Contrairement à John F. Kennedy dont la tête a explosé sous
l’impact des balles à haute vélocité de la carabine Manlicher-Carcano de Lee
Harvey Oswald, Abraham Lincoln est mort d’une lente agonie avec la petite balle
du Derringer enfoncée dans sa boîte crânienne. « Le Sud est vengé! »,
aurait crié Booth avant de s’enfuir du théâtre Ford. Comme la vengeance est le
moteur de toutes les violences et de toutes les guerres, ce crime n’a bien sûr
rien réglé, il a même « légitimé » en quelque sorte l’option de l’assassinat
politique aux États-Unis, dont les deux frères Kennedy (et avant eux les présidents Garfield en 1881 et McKinley en 1901) et Martin Luther King ont
été les plus célèbres victimes. Sans les mesures de sécurité extrêmes qui
entourent maintenant les politiciens américains, il a fort à parier que le
bilan serait encore plus sombre aujourd’hui. Ronald Reagan a d’ailleurs bien failli
devenir le cinquième président américain assassiné en mars 1981, lorsqu’un
désaxé tira 6 balles en sa direction avec un revolver.
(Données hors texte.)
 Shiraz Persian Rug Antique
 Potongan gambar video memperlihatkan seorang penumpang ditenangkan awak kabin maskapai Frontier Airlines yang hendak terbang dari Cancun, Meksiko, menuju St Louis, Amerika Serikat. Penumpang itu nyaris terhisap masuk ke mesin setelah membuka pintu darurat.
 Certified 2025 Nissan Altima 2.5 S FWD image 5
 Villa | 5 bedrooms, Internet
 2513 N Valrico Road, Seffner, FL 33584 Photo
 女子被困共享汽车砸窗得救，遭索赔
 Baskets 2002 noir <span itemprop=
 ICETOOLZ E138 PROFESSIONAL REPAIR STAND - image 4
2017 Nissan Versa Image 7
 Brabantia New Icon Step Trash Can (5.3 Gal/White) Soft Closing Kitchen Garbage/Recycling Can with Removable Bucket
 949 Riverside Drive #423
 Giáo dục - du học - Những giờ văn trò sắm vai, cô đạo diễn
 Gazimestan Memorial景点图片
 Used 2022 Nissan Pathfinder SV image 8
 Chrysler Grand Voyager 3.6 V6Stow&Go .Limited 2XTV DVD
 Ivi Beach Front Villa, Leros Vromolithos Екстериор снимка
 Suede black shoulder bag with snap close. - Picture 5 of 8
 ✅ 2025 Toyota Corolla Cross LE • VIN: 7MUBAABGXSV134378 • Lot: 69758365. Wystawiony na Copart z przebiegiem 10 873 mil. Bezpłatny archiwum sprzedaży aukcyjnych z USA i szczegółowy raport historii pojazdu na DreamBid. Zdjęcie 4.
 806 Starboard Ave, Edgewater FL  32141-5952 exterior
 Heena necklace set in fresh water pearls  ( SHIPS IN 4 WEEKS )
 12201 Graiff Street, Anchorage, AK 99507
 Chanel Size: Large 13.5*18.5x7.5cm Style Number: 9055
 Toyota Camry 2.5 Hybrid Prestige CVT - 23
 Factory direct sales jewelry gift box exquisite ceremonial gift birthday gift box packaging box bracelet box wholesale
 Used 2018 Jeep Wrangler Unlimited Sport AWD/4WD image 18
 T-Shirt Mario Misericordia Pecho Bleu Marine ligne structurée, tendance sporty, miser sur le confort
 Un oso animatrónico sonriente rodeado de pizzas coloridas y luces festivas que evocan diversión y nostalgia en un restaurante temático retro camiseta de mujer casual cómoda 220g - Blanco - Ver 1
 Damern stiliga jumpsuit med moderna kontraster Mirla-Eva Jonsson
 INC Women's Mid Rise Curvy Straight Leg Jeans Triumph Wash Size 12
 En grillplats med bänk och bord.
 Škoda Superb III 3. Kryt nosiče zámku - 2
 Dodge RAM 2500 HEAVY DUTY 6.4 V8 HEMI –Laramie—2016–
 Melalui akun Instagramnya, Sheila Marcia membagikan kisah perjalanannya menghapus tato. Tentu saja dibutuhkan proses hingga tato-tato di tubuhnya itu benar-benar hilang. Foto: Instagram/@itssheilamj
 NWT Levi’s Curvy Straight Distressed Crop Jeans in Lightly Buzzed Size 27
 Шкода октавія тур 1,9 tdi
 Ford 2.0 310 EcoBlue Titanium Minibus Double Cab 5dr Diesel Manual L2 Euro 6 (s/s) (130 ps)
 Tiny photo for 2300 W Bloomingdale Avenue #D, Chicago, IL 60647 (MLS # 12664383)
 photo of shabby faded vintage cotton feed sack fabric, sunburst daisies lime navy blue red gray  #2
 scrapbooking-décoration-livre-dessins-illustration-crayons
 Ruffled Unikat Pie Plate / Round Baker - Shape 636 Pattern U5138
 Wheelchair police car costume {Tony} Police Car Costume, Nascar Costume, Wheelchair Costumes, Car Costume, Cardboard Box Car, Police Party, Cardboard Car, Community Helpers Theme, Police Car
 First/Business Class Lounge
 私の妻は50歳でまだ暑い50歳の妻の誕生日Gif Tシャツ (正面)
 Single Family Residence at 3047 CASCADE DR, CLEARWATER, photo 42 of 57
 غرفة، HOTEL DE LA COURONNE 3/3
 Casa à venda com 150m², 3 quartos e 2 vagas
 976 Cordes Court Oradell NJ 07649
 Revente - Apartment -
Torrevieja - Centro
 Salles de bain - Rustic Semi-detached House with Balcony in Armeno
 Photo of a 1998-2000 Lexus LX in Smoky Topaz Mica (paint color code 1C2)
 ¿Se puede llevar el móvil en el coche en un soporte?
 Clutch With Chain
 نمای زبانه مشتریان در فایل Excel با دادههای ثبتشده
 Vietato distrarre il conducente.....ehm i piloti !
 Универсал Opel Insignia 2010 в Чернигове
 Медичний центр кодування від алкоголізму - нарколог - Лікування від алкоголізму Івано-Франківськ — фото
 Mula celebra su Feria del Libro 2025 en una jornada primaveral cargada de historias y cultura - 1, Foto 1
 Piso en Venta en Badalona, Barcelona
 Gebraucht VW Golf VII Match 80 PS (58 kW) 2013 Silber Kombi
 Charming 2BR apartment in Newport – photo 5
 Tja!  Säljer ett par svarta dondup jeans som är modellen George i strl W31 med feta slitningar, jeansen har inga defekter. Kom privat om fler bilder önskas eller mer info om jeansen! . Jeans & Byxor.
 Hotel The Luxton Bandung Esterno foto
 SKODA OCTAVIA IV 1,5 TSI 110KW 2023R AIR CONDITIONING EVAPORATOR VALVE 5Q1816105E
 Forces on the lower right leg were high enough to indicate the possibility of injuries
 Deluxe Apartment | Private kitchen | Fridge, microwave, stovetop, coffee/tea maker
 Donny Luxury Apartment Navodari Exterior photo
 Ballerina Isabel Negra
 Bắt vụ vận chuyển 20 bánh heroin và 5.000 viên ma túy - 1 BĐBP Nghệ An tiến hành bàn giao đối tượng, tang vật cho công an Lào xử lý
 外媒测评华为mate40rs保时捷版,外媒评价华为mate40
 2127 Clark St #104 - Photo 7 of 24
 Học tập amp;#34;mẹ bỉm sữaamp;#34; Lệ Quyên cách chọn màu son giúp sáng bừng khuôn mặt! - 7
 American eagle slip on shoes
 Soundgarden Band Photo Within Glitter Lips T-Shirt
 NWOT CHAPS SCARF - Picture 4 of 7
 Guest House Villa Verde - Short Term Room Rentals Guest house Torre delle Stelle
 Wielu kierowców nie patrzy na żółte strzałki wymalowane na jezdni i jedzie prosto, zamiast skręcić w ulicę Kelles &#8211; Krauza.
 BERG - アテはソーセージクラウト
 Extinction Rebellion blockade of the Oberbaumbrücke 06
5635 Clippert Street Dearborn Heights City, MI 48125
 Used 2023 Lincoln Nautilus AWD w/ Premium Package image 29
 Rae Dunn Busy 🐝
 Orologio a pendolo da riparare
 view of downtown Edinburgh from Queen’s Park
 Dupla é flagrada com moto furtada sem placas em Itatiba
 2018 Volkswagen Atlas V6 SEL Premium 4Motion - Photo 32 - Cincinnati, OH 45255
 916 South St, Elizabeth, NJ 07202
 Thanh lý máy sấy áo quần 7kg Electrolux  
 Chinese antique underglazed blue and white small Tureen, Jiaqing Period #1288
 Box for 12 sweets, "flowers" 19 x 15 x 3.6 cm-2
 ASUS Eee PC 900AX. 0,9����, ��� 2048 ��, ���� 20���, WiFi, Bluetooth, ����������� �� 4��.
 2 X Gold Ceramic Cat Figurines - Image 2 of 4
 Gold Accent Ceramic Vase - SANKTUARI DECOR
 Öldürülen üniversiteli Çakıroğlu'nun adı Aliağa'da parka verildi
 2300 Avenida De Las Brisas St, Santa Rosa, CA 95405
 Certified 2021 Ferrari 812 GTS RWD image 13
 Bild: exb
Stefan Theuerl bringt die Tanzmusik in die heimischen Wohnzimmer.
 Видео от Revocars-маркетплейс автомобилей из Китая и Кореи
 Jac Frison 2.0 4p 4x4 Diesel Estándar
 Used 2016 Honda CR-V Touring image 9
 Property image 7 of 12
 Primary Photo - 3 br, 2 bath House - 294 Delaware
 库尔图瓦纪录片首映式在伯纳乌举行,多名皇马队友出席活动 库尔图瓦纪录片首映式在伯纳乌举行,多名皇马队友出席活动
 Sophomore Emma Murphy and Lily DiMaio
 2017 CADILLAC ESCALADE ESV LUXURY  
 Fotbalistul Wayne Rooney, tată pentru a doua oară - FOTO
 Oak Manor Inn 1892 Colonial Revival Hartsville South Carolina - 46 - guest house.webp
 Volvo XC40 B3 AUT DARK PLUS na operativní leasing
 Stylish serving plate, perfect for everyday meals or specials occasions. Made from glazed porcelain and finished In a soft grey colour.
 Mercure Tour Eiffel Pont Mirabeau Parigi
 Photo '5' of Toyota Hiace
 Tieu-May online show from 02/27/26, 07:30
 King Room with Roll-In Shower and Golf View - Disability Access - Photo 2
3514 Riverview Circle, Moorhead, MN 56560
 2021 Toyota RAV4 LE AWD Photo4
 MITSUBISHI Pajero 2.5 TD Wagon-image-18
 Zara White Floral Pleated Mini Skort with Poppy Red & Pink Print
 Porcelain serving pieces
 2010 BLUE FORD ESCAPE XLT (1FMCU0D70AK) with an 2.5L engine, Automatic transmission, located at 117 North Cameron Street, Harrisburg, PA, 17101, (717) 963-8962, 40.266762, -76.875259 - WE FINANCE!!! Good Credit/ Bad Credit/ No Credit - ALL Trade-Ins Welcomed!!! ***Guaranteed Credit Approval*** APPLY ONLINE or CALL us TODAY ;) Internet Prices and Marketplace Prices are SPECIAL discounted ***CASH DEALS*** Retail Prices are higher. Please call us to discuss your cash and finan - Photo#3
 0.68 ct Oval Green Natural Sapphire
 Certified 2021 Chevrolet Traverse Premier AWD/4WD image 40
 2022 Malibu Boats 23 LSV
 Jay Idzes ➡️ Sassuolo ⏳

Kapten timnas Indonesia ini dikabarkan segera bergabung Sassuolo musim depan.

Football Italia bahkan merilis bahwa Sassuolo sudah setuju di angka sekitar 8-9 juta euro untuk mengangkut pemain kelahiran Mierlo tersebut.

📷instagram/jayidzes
John Wilkis Booth, l'assassin de Lincoln |
Est-ce que le mal vient des hommes ou de leurs armes? Le
mal, ou ce qui est mauvais ne peut être associé à un objet. Une pierre au sol n’est ni bonne ni mauvaise, mais si vous la prenez dans vos mains et la lancé sur un de vos semblables c’est uniquement à ce moment qu’elle devient un
« vecteur » du mal. Évident me direz-vous? Mais que dire d’un fusil
d’assaut dont la conception et la fabrication ont pour finalité de tuer des
êtres humains? Le simple fait d’acquérir ou de posséder une telle arme ne
trahit-il pas l’intention de son propriétaire, celle de l’utiliser contre ses
semblables, qu’ils soient bons ou méchants? Une arme c’est comme un outil, à
partir du moment où elle est à votre disposition elle a le potentiel d’être
utilisée. C’est la même chose pour les armées, rares sont les pays qui
disposent d’une armée dont les soldats ne font que cueillir des marguerites,
règle générale les armées finissent toujours par faire la guerre quelque part et à "tuer des pauvres gens" (la formule est de Boris Vian dans sa chanson le déserteur).